- About this exercise:
Take the line that contains "That concludes question" and each one after it through the last line below, and retype them exactly. Leave out the pictures.

- Given data:
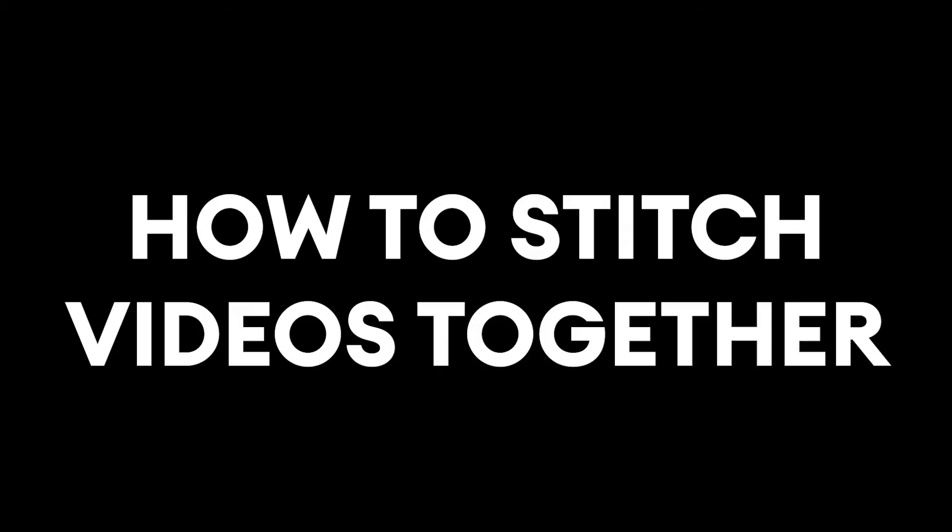How to stitch videos together. Hey everyone, Alec here with Veed. In this video, I'm going to be showing you how to stitch multiple video clips together to create one long video, basically a video compilation of your video clips.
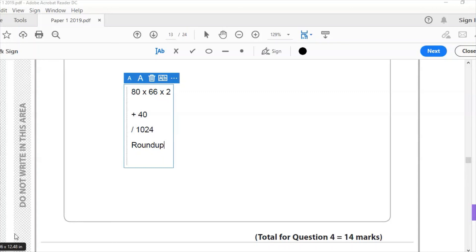That concludes question four, giving us 14 marks towards Paper 1. Thank you very much for watching — I hope that has been helpful. I've linked to the files in the description and to other relevant videos along the way. See you in the next video — thanks for watching, bye!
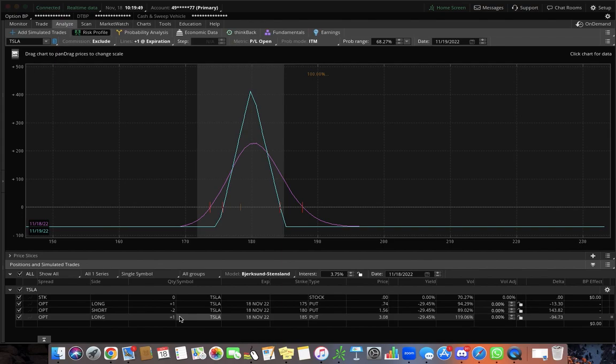Or you could say, I think price is going to go up. That's a directional, just like a call or a put is. But with these, you're actually making income as time is passing.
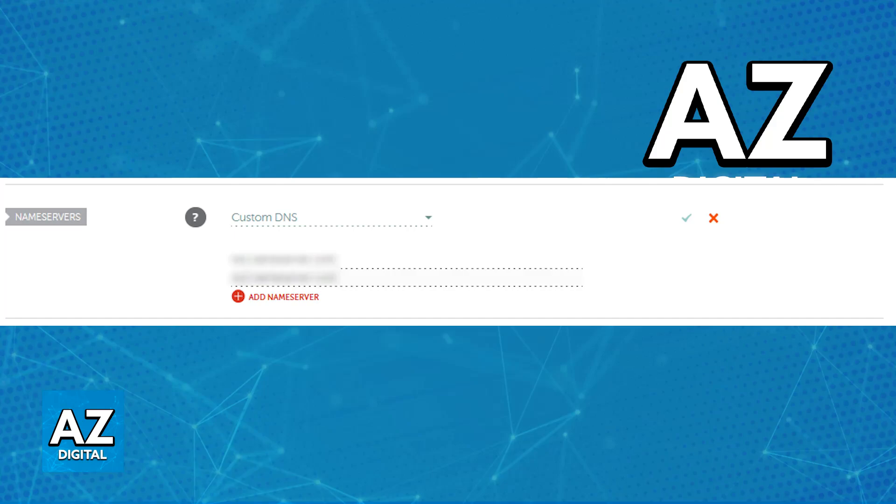Nameservers typically follow this format where you are going to have something like ns1.nameserver.com and then ns2.nameserver.com, but of course, this might differ.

- Written response:
That concludes question four, giving us 14 marks towards Paper 1. Thank you very much for watching — I hope that has been helpful. I've linked to the files in the description and to other relevant videos along the way. See you in the next video — thanks for watching, bye!
Or you could say, I think price is going to go up. That's a directional, just like a call or a put is. But with these, you're actually making income as time is passing.
Nameservers typically follow this format where you are going to have something like ns1.nameserver.com and then ns2.nameserver.com, but of course, this might differ.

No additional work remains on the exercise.